Korunmada bu bulaşma yollarına yönelik önlemler alınır. Başı boş köpekler kontrol altına alınır, etken köpeklere çiğ hayvan etleri ile bulaştığından bunlara çiğ et (özellikle karaciğer) yedirilmez. Ev köpekleri bakım ve kontrolden geçirilir, onlarla yakın temastan kaçınılır. Hijyen kurallarına uyulur, eğitim yapılır.

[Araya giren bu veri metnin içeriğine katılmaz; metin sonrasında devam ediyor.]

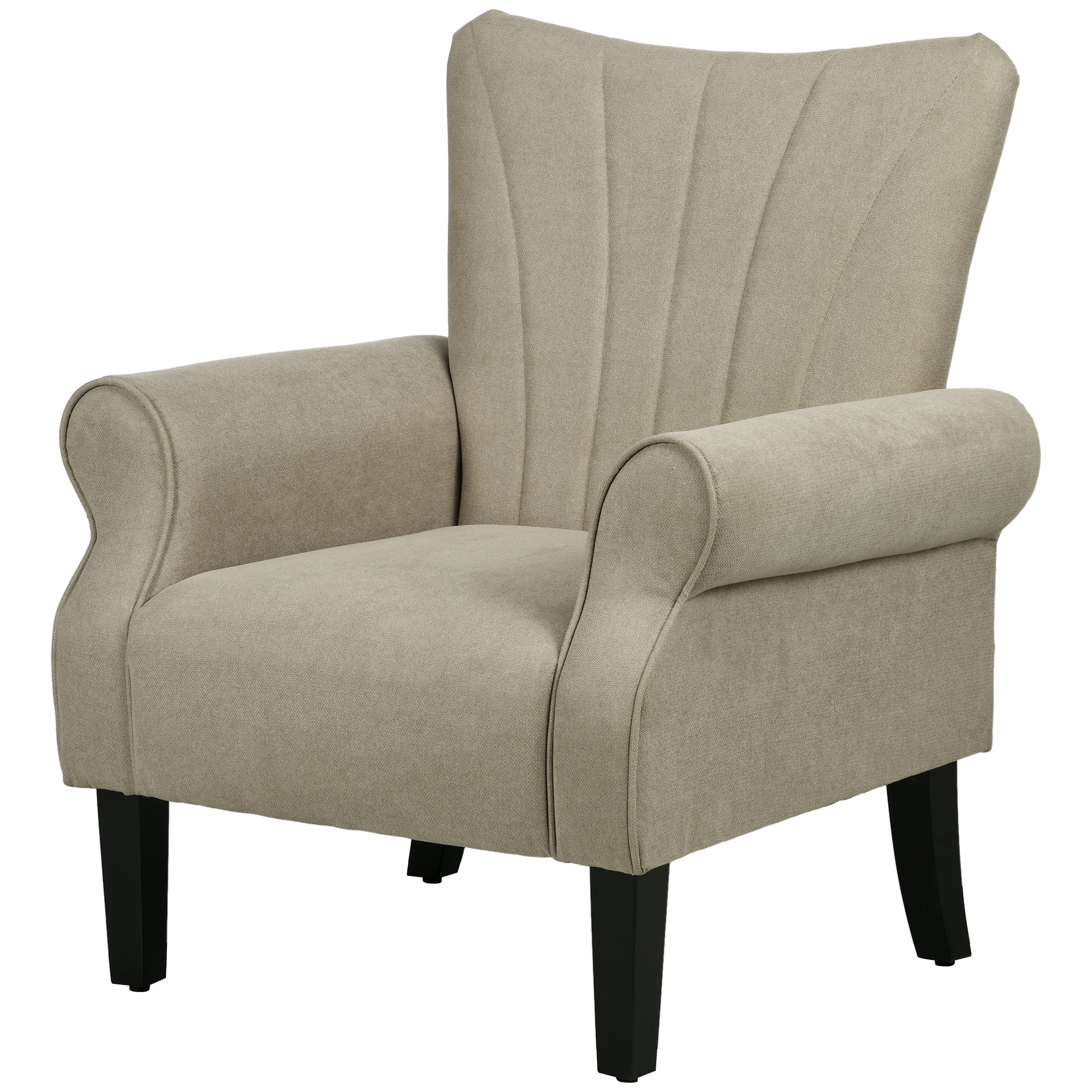 Plush Upholstered Accent Chair with High Back and Rolled Arms - Beige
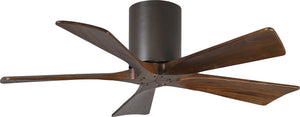 Matthews Fan IR5H-TB-WA-42 Irene-5H five-blade flush mount paddle fan in Textured Bronze finish with 42” solid walnut tone blades. 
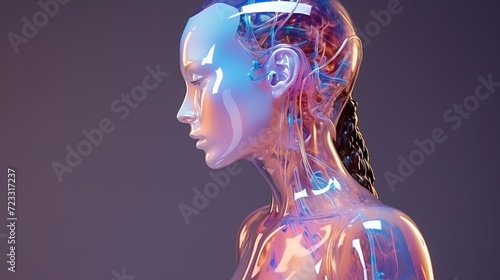Futuristic woman mannequin from liquid holographic metal with dripping melted chrome y2k transparent png generative ai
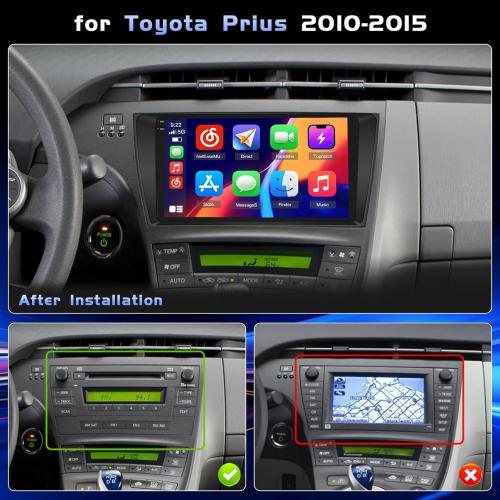 4G 128G Car Radio for Toyota Prius 2010-2015, 9'' Incell Full Touchscreen Stereo Android 15 Wireless CarPlay Android Auto Bluetooth 5G WiFi EQ FM RDS GPS WiFi SWC AHD Backup Camera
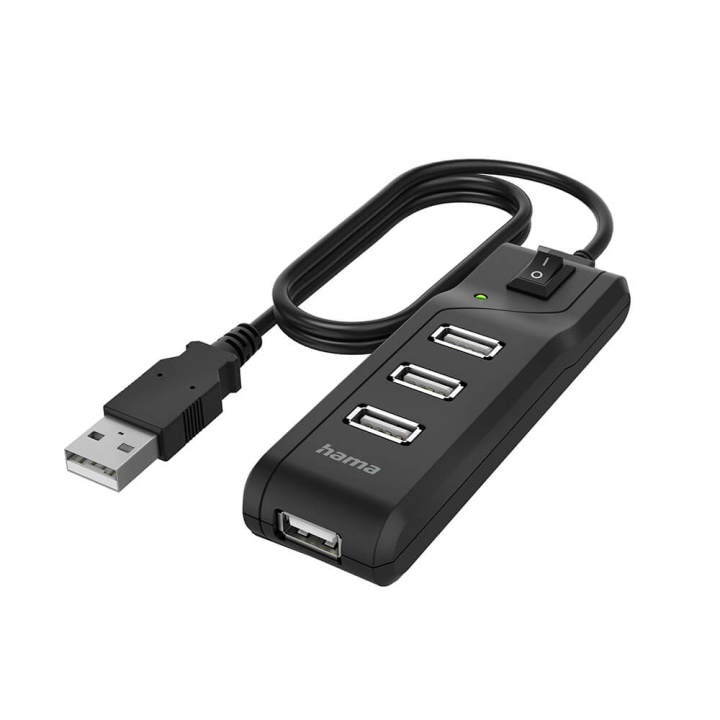 Hama Hub USB-A 2.0 Switch 4x Ports 480 Mbit/s Black ryhmässä TIETOKOONET & TARVIKKEET / Tietokonetarvikkeet / USB-telakat @ TP E-commerce Nordic AB (C04469)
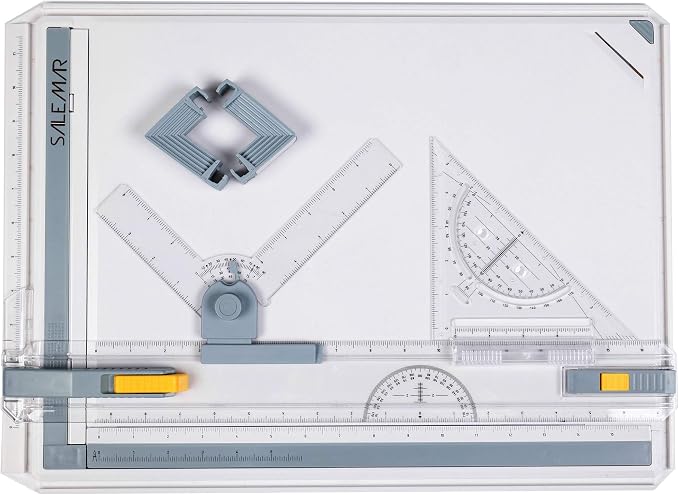 SALEMAR Inch Scale A3 Drafting Table Drawing Board Graphic Architectural Sketch Tool Set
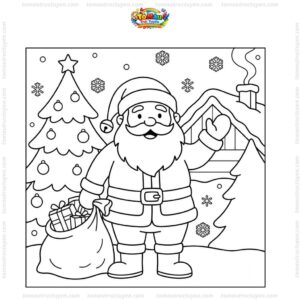 Tranh tô màu Giáng sinh ông già Noel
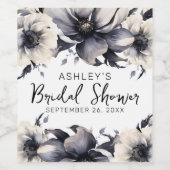Elegante Bruiloftsshower met Bloemen Wijn Etiket (Enkel label)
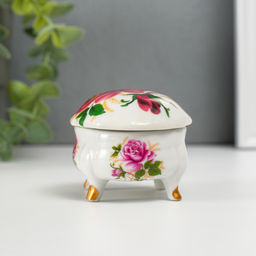 Шкатулка для украшений на ножках «Роза», керамика, 6.1×7.7×4.8 см
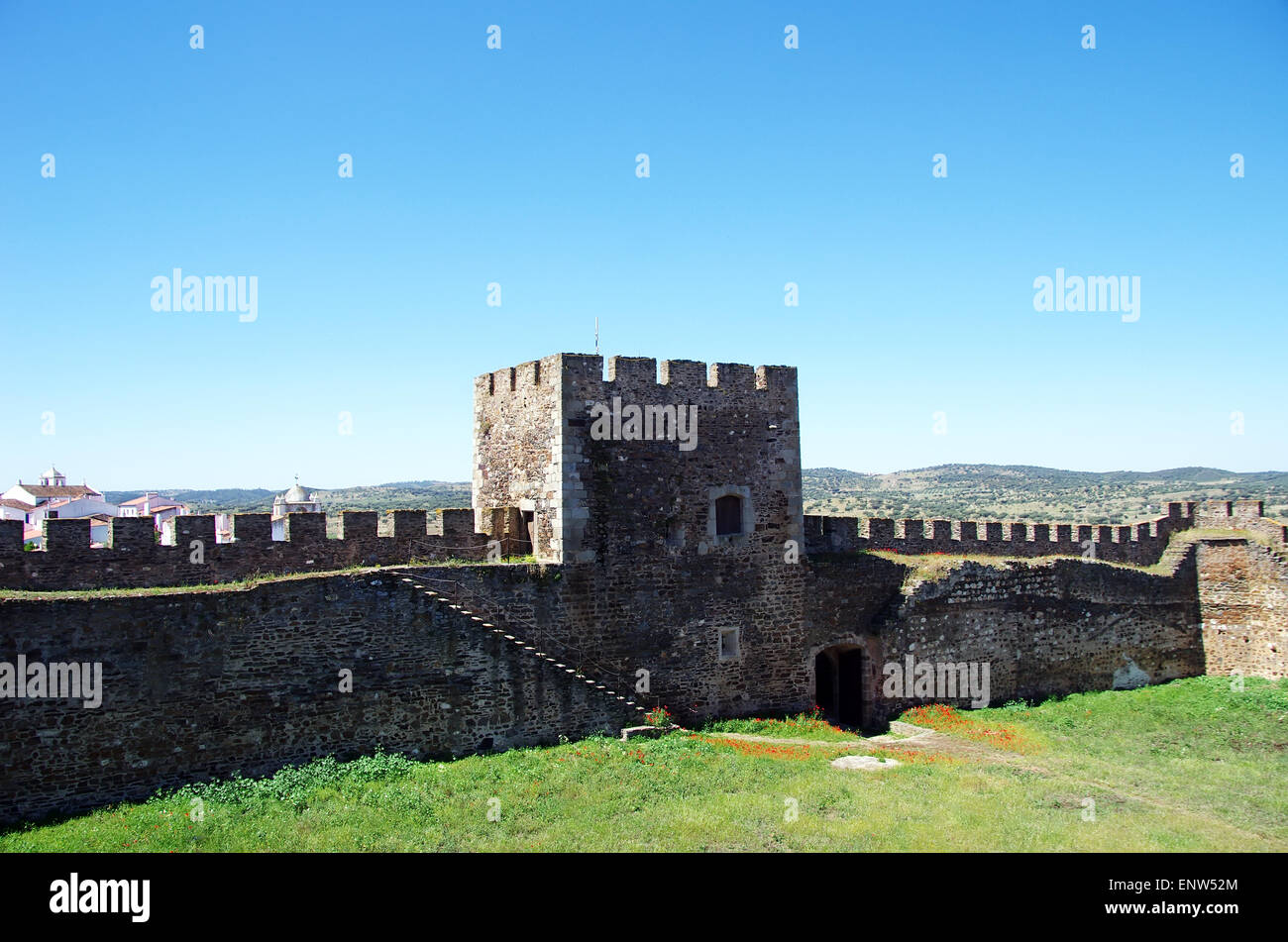 Vieux château de Terena en Alentejo, Portugal Banque D'Images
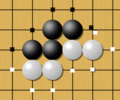 Image 14One black chain and two white chains, with their liberties marked with dots. Liberties are shared among all stones of a chain and can be counted. Here the black group has 5 liberties, while the two white chains have 4 liberties each. (from Go (game))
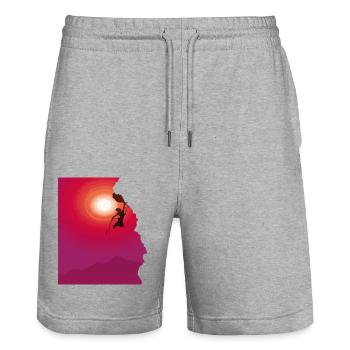 Cadeau d'alpinisme au lever du soleil - Short de jogging bio TRAINER Stanley/Stella unisexe - gris chiné - Devant - Nik (191cm) & Marisol (170cm)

  Hida­tik hastalık insandan insana bulaşmaz. En sık bulaş yolu köpekten insanadır. Bu ne­denle hijyenik şartlara uyulması çok önem­lidir. Parazitin yaşam döngüsünün köpek-koyun-köpek arasında olduğu bilinmekte­dir. Bu yaşam döngüsünün herhangi bir dö­nemde kırılması hastalığın önlenmesinde ana unsurdur. Bu değişik yollarla sağlanabi­lir. Amaç hastalıklı sakatatların köpeklere ulaşımını engellemek ve bağırsaklarında parazit /yumurta bulunan köpeklerin para­zitlerden arındırılmasıdır. Özellikle kon­trolsüz kesim yapıldığı dönem ve yerlerde hastalıklı organların köpeklere ulaşımını engelleyecek imha yolları kullanılmalıdır. Hastalıklı organların derine gömülmesi en uygun imha yoludur. Şüphesiz hastalığın genel kontrolü için kesimler kontrollü ya­pılmalıdır. Köpeklerin parazitlerden arındı­rılması için en uygun seçim Praziquantel ve­rilmesidir.